In Côte d’Ivoire and Ghana, HEARTH is working to strengthen Land Management Boards to improve community participation, giving 15,000 cocoa farmers more agency over land management decisions that affect their livelihoods.
Tailoring Support for Women
Women can be catalysts for more sustainable communities and healthier families, but many face barriers like culturally ingrained gender roles or a lack of training. HEARTH is addressing these issues in Papua New Guinea via a pilot project, which helps over 500 female farmers to diversify their incomes by learning new skills like vegetable gardening. A specialized nongovernmental organization, Femili PNG, has also conducted outreach with local men to address gender inequality and gender-based violence.
Safeguarding Incomes
Farmers cannot be asked to switch to more sustainable practices if it means a hit to their incomes. They need the right agricultural inputs and technical know-how to professionalize their farms in a way that works for them and the surrounding landscape.
HEARTH is working with 9,000 farmers in South and Southeast Sulawesi provinces in Indonesia to adapt to climate change and sustainably manage their cocoa farms, aiming to increase incomes from sustainable cocoa by 15 percent while eliminating an estimated 650,000 tons of carbon dioxide equivalent from deforestation. In Indonesia’s East Nusa Tenggara Province, HEARTH will support 6,500 cocoa and coffee farmers to improve their yields by 25 percent while conserving 14,000 hectares of the watershed and riparian buffers by the end of 2025.
Conducting Rigorous Monitoring, Evaluation, Research and Learning
Successfully achieving HEARTH’s desired results requires rigorous measurement and an openness to learning what’s working, why, and for whom. The HEARTH Monitoring and Evaluation Toolkit is being used across the HEARTH portfolio to measure whether the HEARTH partnerships are synergistically achieving both human wellbeing and conservation outcomes. The HEARTH Learning Agenda identifies key research and learning questions that are being studied through mixed-method evaluations and other research projects in partnership with academic institutions.
Partnering for Change
HEARTH’s holistic approach supports communities in sustainable cocoa and coffee production landscapes to increase incomes while reducing carbon emissions and protecting biodiversity in nearby biodiverse landscapes.
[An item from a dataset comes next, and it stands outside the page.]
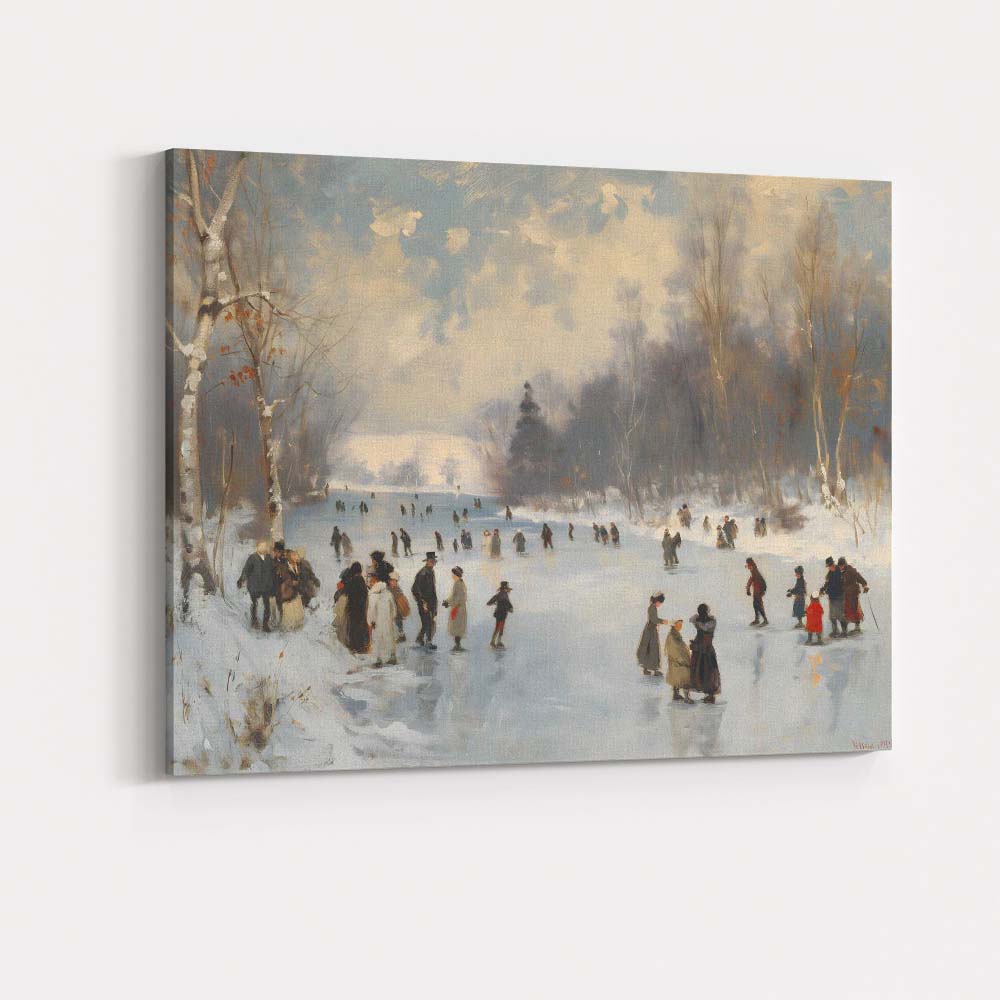 Traditional Winter Ice Skating Frozen River Landscape Canvas Wall Art Print Decor Picture Ready to Hang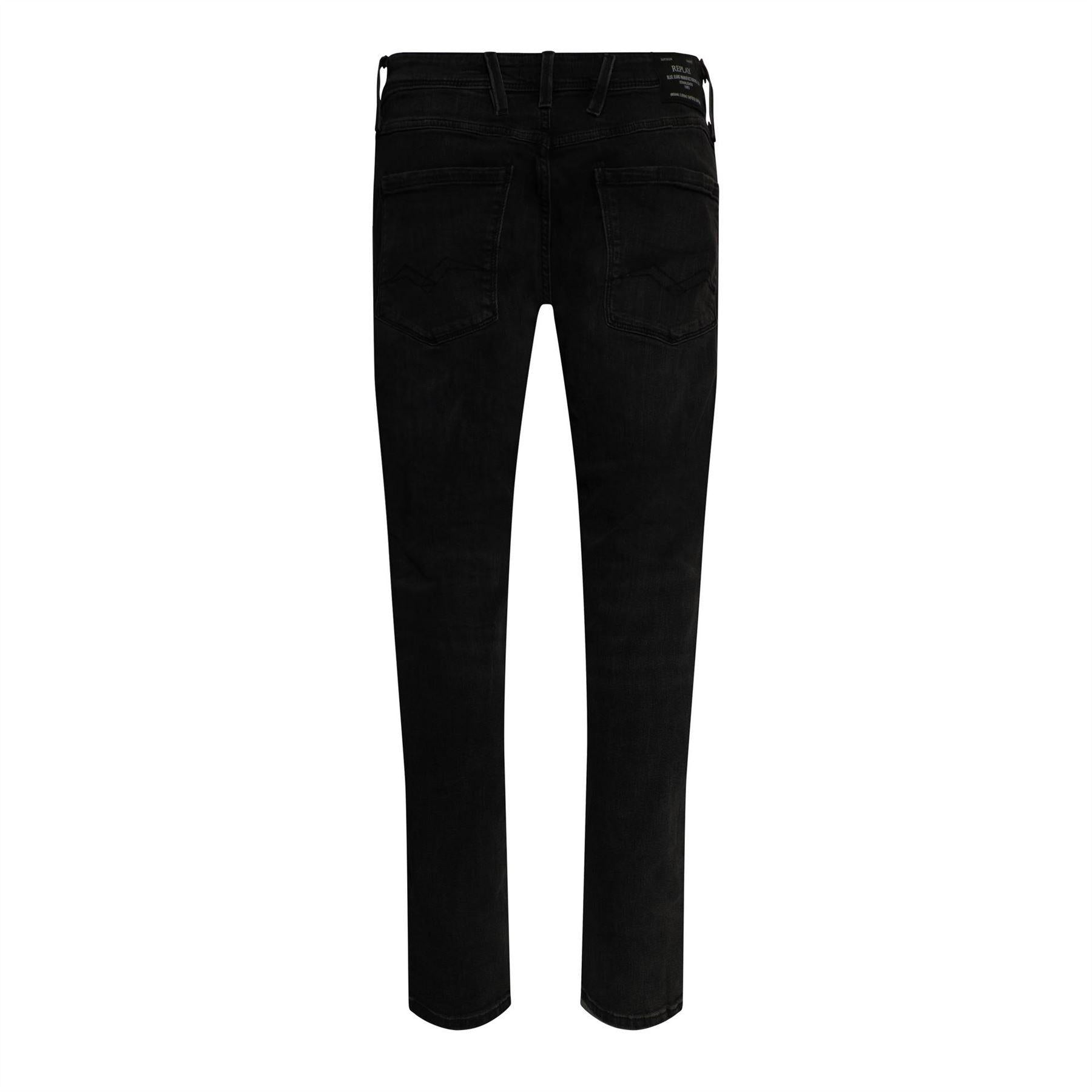 Black - Back - Replay Mens Anbass Washed Slim Jeans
The next time we sip our morning coffee or indulge in a piece of chocolate, we can remember that it is not only about satisfying our taste buds but also supporting a sustainable future for farmers and our planet.
This blog was originally published by Agrilinks.
Sara Carlson
Sara Carlson is a Senior Biodiversity Advisor at USAID in the Biodiversity Division, where she has worked since 2012. She leads efforts to integrate scientific research and evidence throughout USAID’s biodiversity programming, with a focus on bridging the “research-implementation gap.” Sara’s work at USAID also focuses on the linkages between food security and biodiversity conservation and how to design development programs and policies that conserve nature while supporting the food security and nutrition of the people who depend on it. A plant evolutionary biologist by training, Sara holds a PhD from Yale University in Ecology and Evolutionary Biology.